▶ **Required action**: Copy exactly the lines from the one containing "Mantis Seaside Houses" through the last line of the records below, both included, and leave out the pictures.

(Captioned web image data)
BEGIN

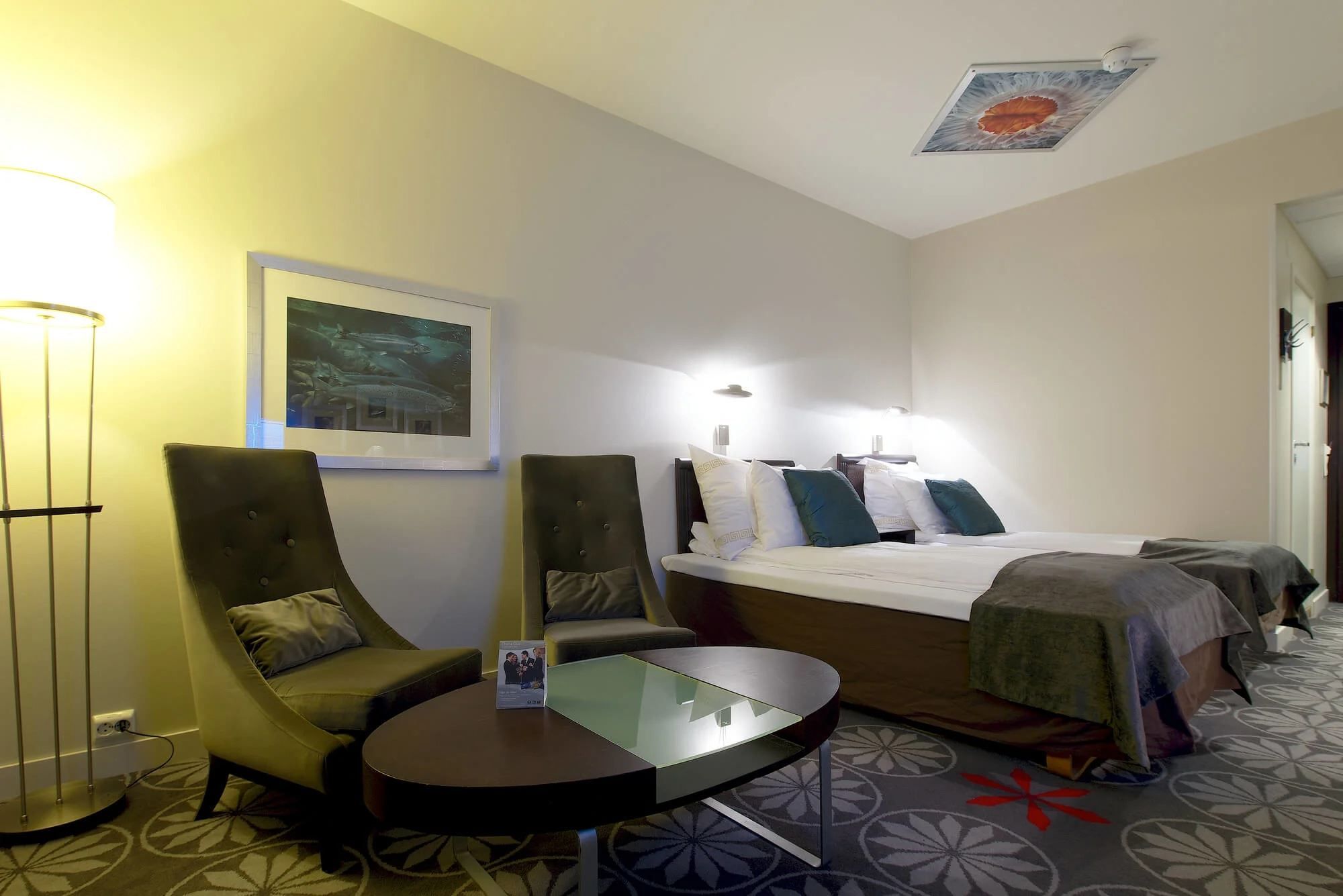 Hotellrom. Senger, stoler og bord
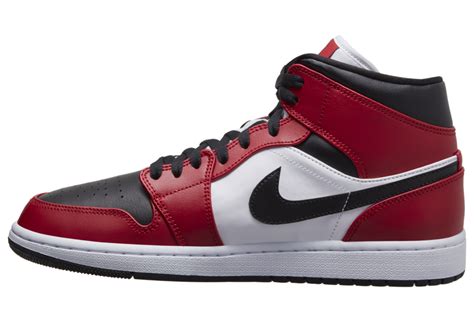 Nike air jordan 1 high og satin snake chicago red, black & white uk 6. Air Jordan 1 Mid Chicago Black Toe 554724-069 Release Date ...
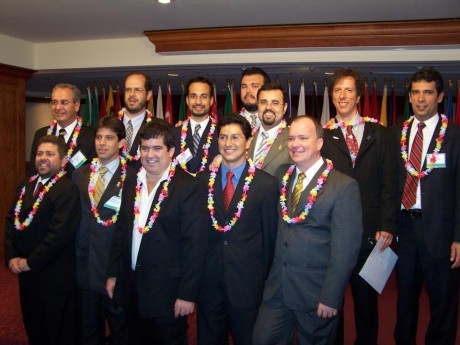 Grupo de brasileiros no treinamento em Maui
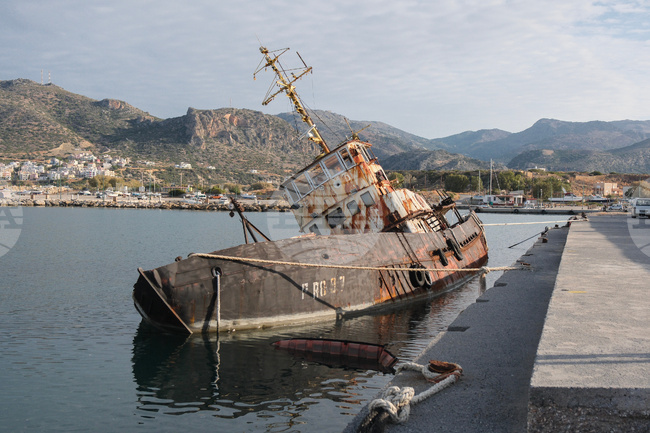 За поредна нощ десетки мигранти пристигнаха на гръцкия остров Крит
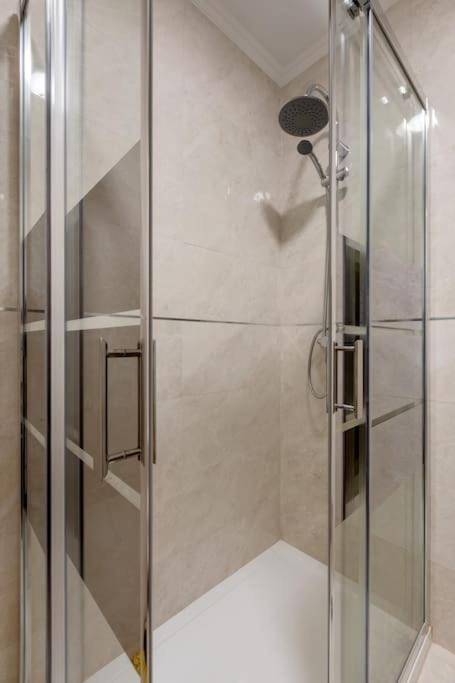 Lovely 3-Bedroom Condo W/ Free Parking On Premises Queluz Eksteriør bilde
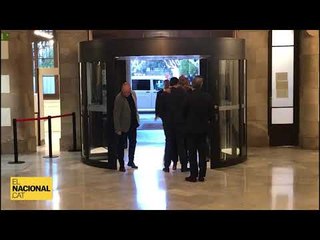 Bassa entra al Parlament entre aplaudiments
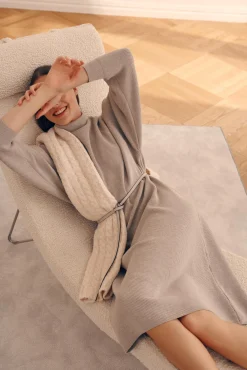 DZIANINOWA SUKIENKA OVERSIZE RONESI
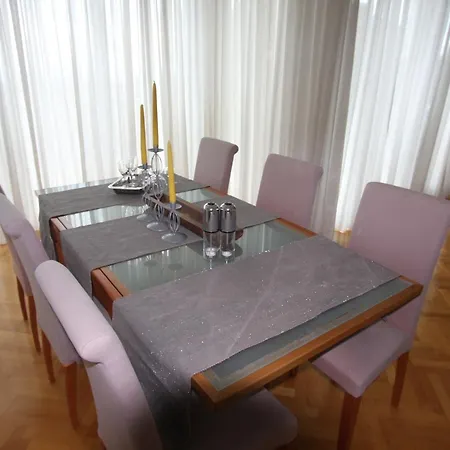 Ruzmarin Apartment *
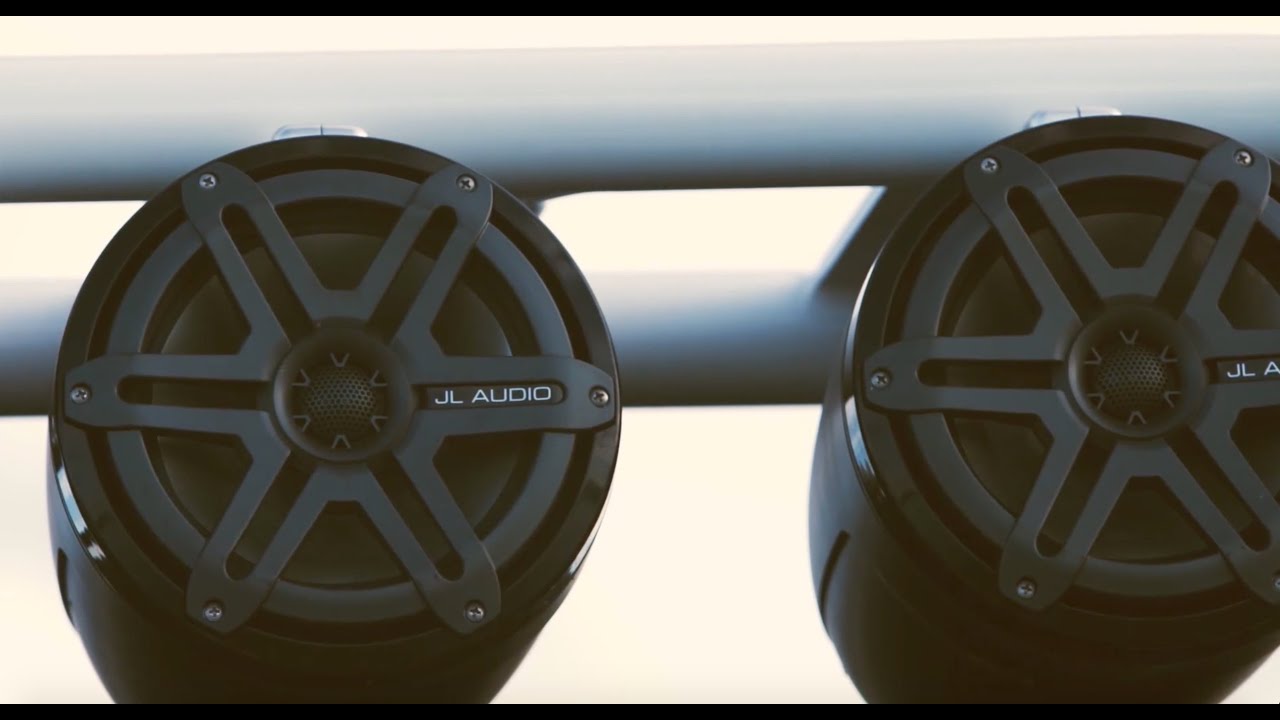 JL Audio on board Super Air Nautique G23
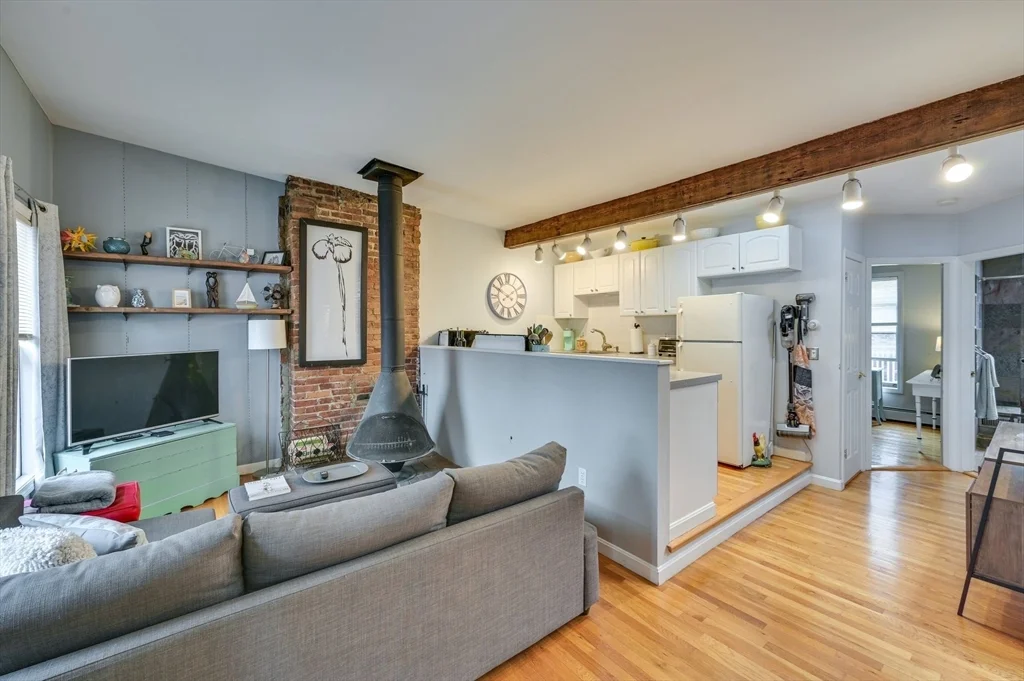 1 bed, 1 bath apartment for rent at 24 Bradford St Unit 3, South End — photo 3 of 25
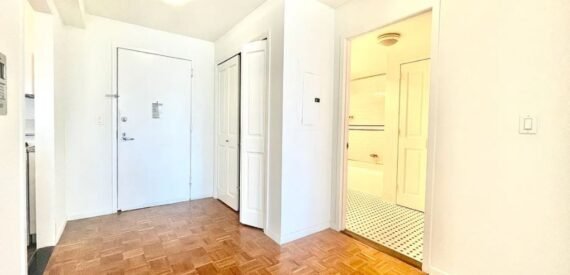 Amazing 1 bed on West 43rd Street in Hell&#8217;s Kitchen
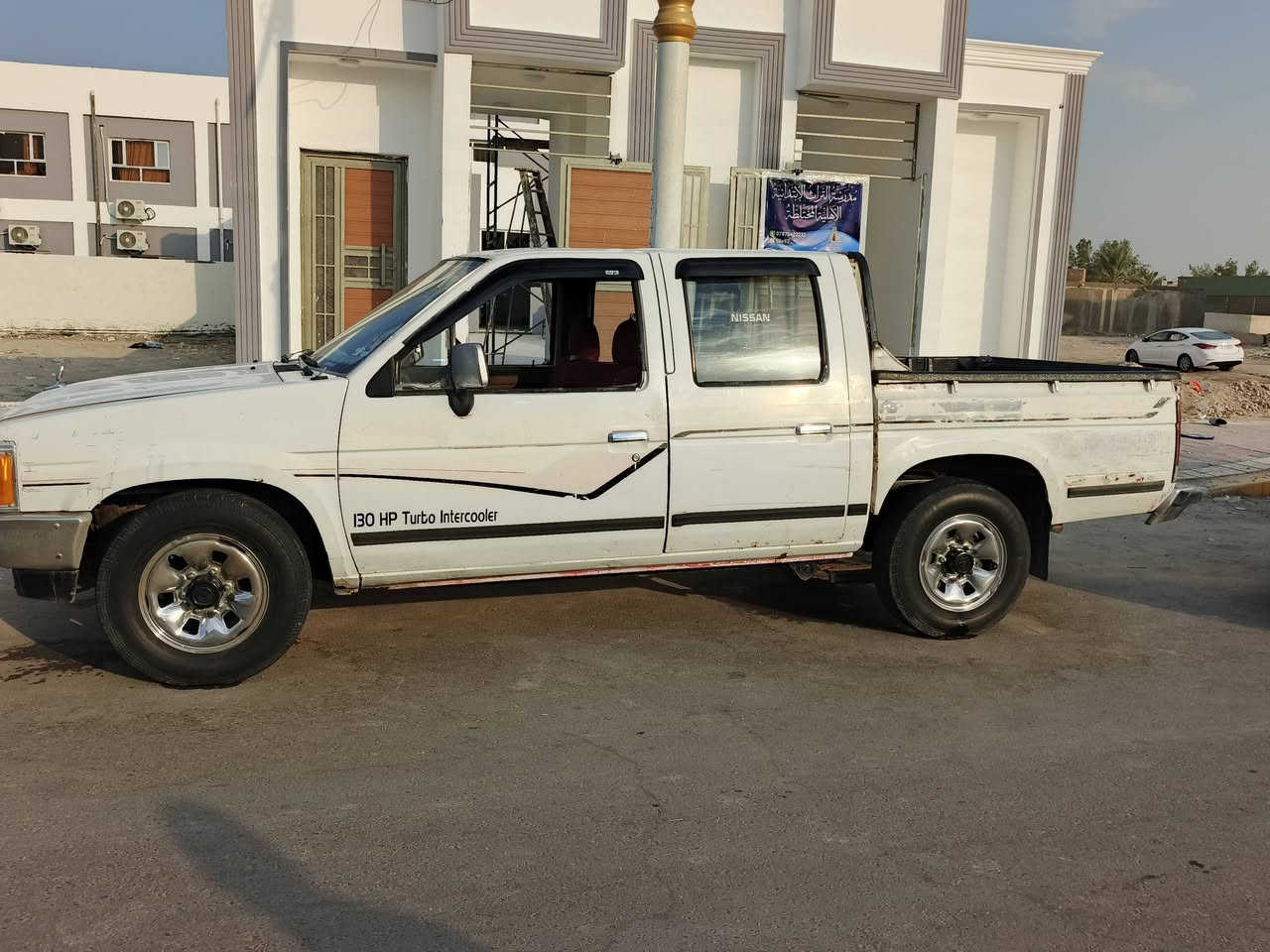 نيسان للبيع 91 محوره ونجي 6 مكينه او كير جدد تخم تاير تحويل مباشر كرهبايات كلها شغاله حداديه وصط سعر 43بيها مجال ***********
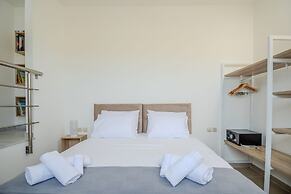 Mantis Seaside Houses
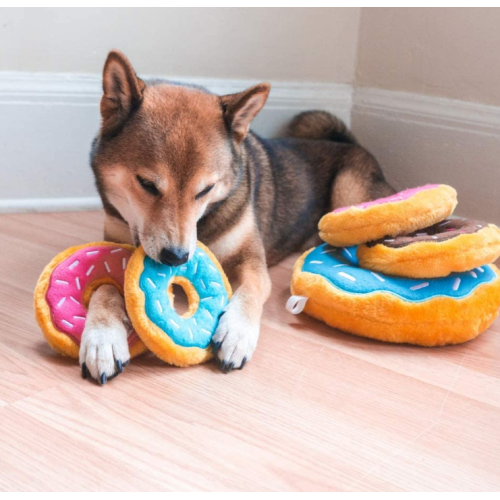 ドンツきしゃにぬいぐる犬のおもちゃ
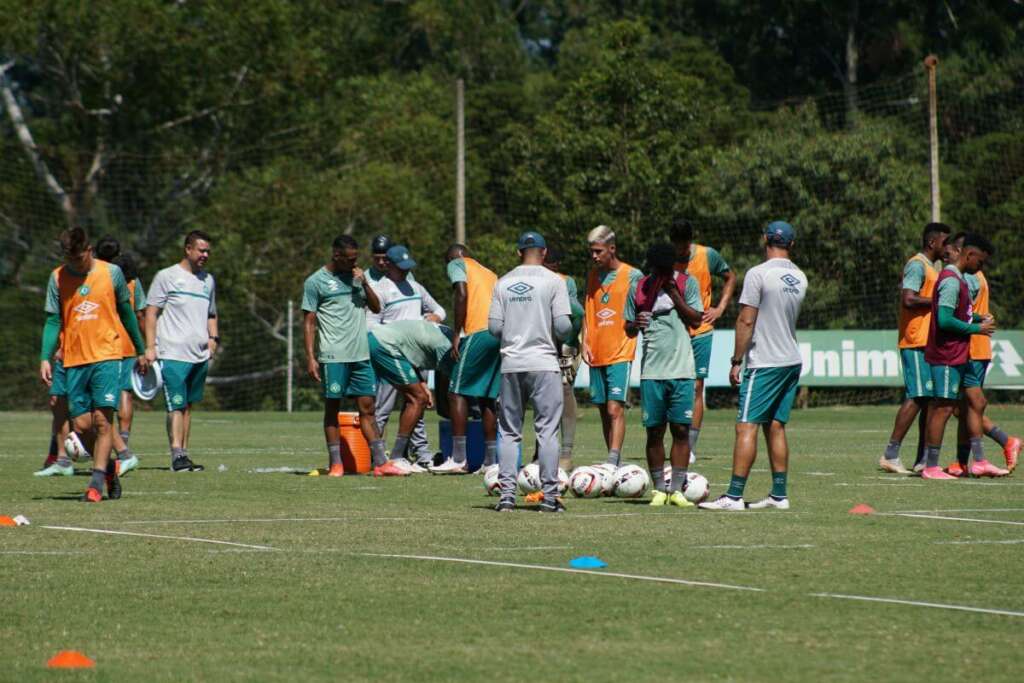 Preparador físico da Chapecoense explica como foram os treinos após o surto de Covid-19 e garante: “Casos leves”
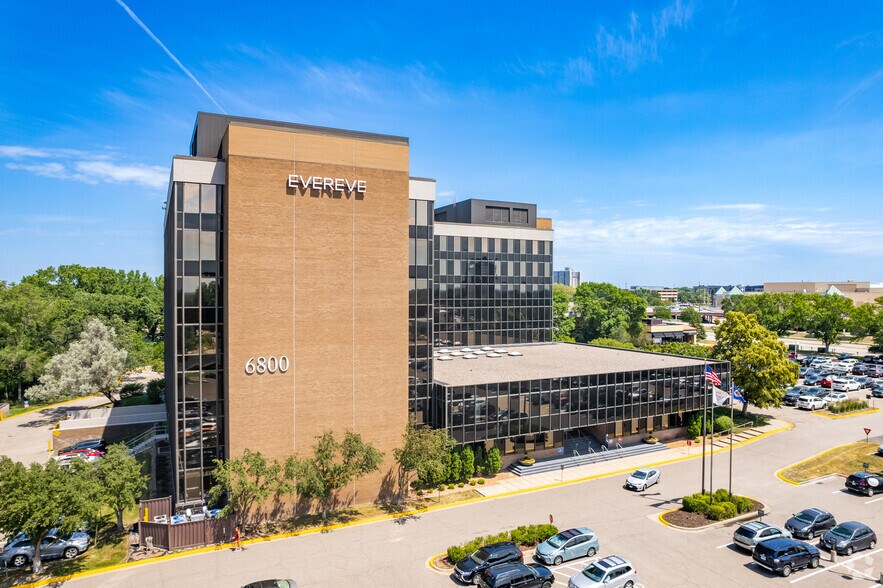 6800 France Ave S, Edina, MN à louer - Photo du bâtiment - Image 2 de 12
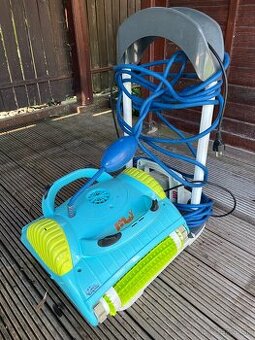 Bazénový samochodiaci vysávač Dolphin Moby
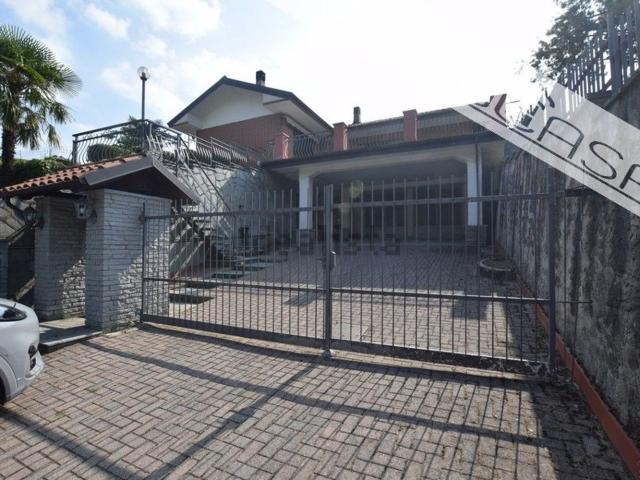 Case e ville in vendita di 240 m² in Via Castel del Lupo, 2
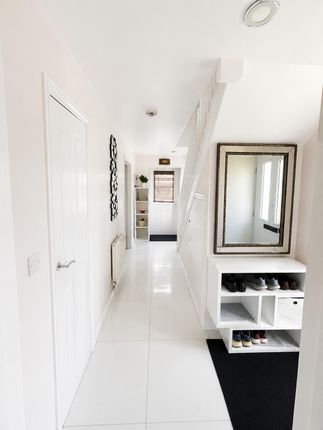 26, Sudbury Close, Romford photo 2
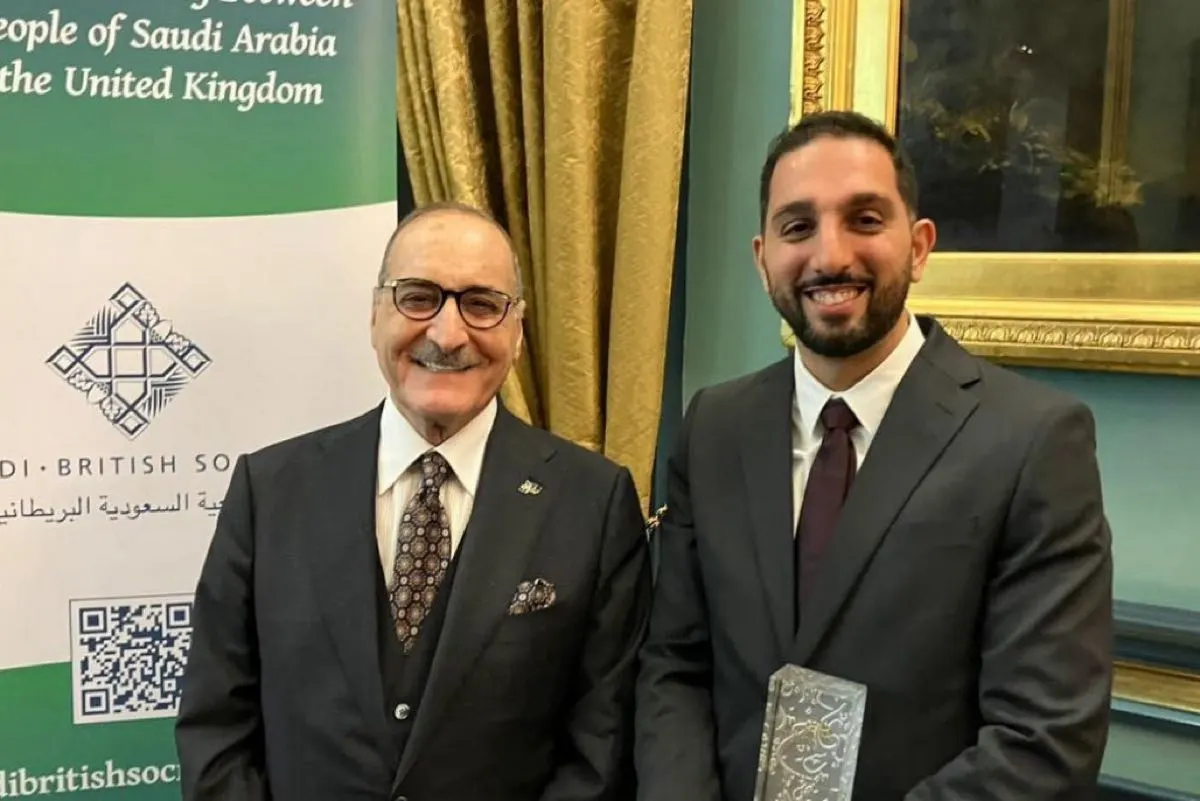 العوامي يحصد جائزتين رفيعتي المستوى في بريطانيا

END

▶ **Reply to the exercise**:
 Mantis Seaside Houses
 ドンツきしゃにぬいぐる犬のおもちゃ
 Preparador físico da Chapecoense explica como foram os treinos após o surto de Covid-19 e garante: “Casos leves”
 6800 France Ave S, Edina, MN à louer - Photo du bâtiment - Image 2 de 12
 Bazénový samochodiaci vysávač Dolphin Moby
 Case e ville in vendita di 240 m² in Via Castel del Lupo, 2
 26, Sudbury Close, Romford photo 2
 العوامي يحصد جائزتين رفيعتي المستوى في بريطانيا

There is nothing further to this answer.